John Kay says in the Financial Times that President Bush is right regarding his assertions on climate at the recent G8 meeting at Gleneagles. Bush emphasized uncertainties on the science and the economics: Kyoto has large costs and negligible benefits for the US. Greenhouse gas controls that exclude developing countries are ineffective; while research and development on new technologies should take priority over emissions reduction targets.

Hopefully this heralds the beginning of the end for Consensus Science which might excusably be mistaken for conspiracy. Forecasts of catastrophic warming derive from contested computer models. Although some warming at the end of the 20 Century is observed in surface samples, weather satellites and balloons recorded cooling between 1940 and the mid seventies, leading popular scientists to warn of a new and overdue Ice Age. There has been no clear trend since.

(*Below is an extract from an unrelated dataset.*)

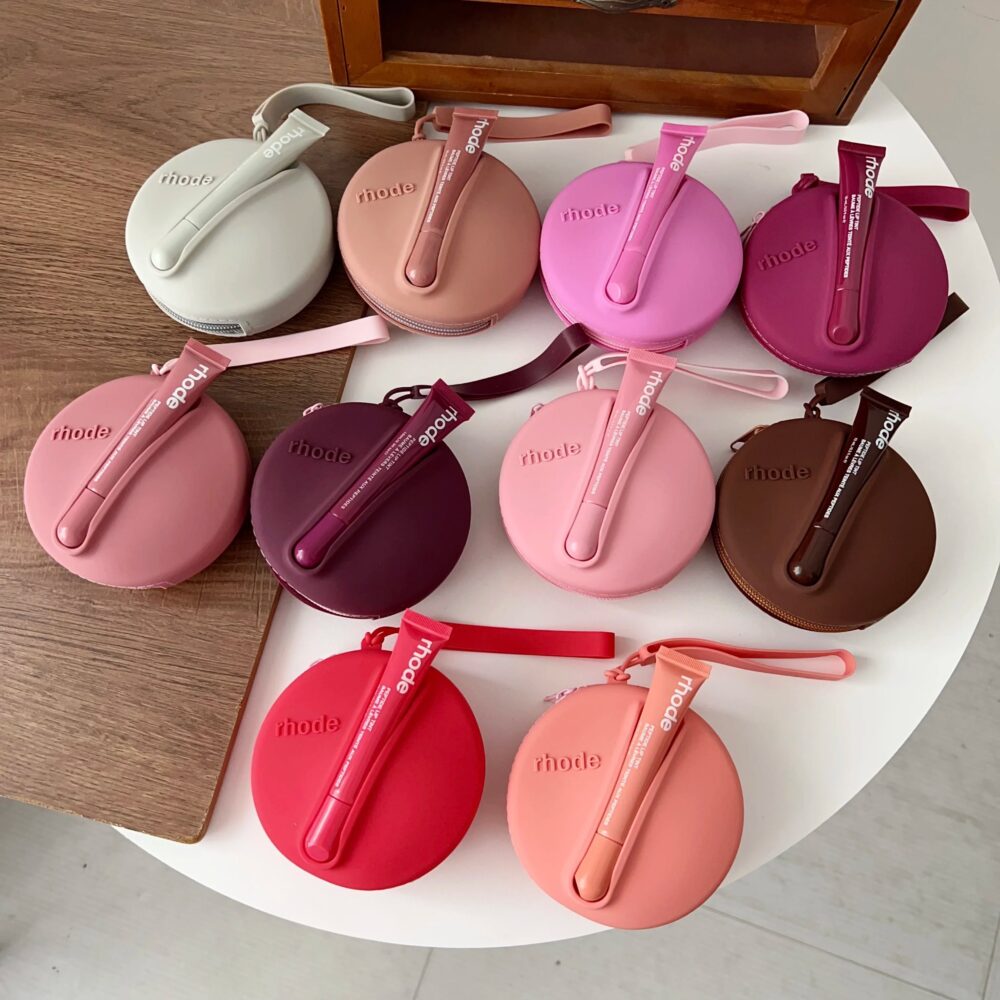 rhode lipstick holder bag with lip peptide tint rhode lipstick holder bag with lip peptide tint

Recent forecasts of rapid warming favoured by the Consensus depend on the hypothetical hockey stick which was used by the IPCC [2001] as evidence for anthropogenic global warming. It showed. a sharp recent temperature rise in the Northern hemisphere after a relatively flat trend for 1000 years. This model is now discredited. McIntyre and McKitrick [MM-2003] found the data had been manipulated. When MM recalculated temperatures with corrected data (but retaining the same methodology), they obtained quite a different temperature history, bearing no resemblance to the hockey stick (which can be fitted to random data). This debate has affected respected journals like Science and Nature, which are no longer willing to provide a forum for conflicting views.

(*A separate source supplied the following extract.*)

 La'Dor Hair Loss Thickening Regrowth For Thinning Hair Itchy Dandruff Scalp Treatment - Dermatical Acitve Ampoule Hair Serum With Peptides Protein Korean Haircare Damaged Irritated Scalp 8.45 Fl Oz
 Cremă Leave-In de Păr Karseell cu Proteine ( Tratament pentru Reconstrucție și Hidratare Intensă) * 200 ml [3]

Meanwhile the original data from which the hockey stick was derived cannot be extracted. Washington is currently split by the Congressional attempt to establish if research supported by public funds should be available to other scientists for independent verification.

The recent [6 July] but largely overlooked report on climate by the Economic Affairs Committee of Britain's House of Lords explains how science can be conflated with politics and so-called consensus used to justify advocacy. Once scientists lose their reputation for impartiality, the outlook is truly bleak.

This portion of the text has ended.